I really enjoyed all four talks at today's online conference, Making Data Work. (Disclosure: Revolution sponsored this conference.) I thought the four speakers together gave a great overview of issues related to the processing, analysis, and visualization of big data.
Mike Driscoll started off with a useful categorization for data size. "Small Data" (<10Gb) fits in the memory of one machine. "Medium Data" (10GB-1TB) fits on the disk of one machine. "Large Data" (1TB and above) requires distributed storage on multiple machines. Naturally, the tools and processes you use in each case varies, and Mike summarized his recommendations as follows:
1. Use the right tool for the job
2. Compress everything
3. Split up your data
4. Work with samples. Mike offers a handy idiom in Perl to take a 1% sample of a text file:
perl -ne "print if (rand()<0.01)" data.csv > sample.csv
5. Use Statistics (or, as Mike put it, "the grammar of data science"). Naturally, the R Project was featured heavily here.

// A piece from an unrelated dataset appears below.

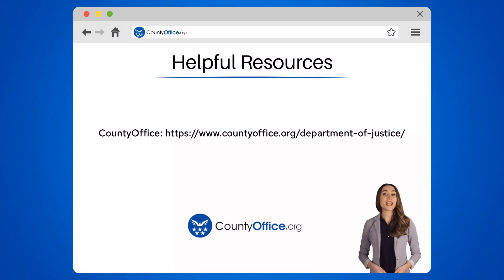To learn more, check out these links, which you can click in the description below. Feel free to comment your questions — we're here to help.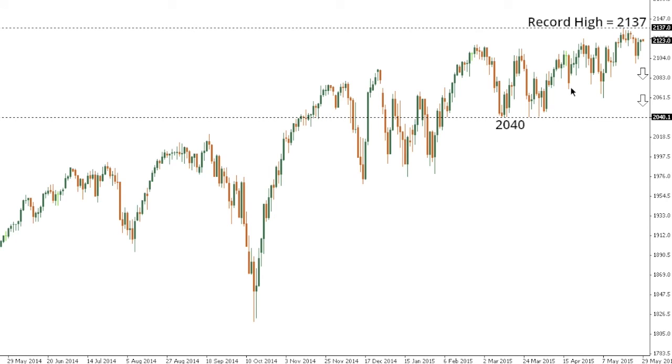SPX 500: The S&P 500 continues to chop around just off record highs at 2137, though the market is expected to eventually trade lower with the longer-term studies looking stretched and the market exhausted. We need to see a break and close back below the recent lows at 2099 to put the pressure back on the downside and open the door for a retest of the key low at 2040 further down. A push above 2137 would negate that and open the door for fresh upside towards the 2150 area.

6. Copy from others, i.e. use open-source tools like GitHub, R, and R packages from CRAN
7. Avoid "chart typology": instead of just dumping data into standard charts like pie charts and bar charts, think of charts as compositions, not containers. Mike gave a great example of a bespoke chart created using the R package ggplot2.
8. Use color wisely
9. Tell a story.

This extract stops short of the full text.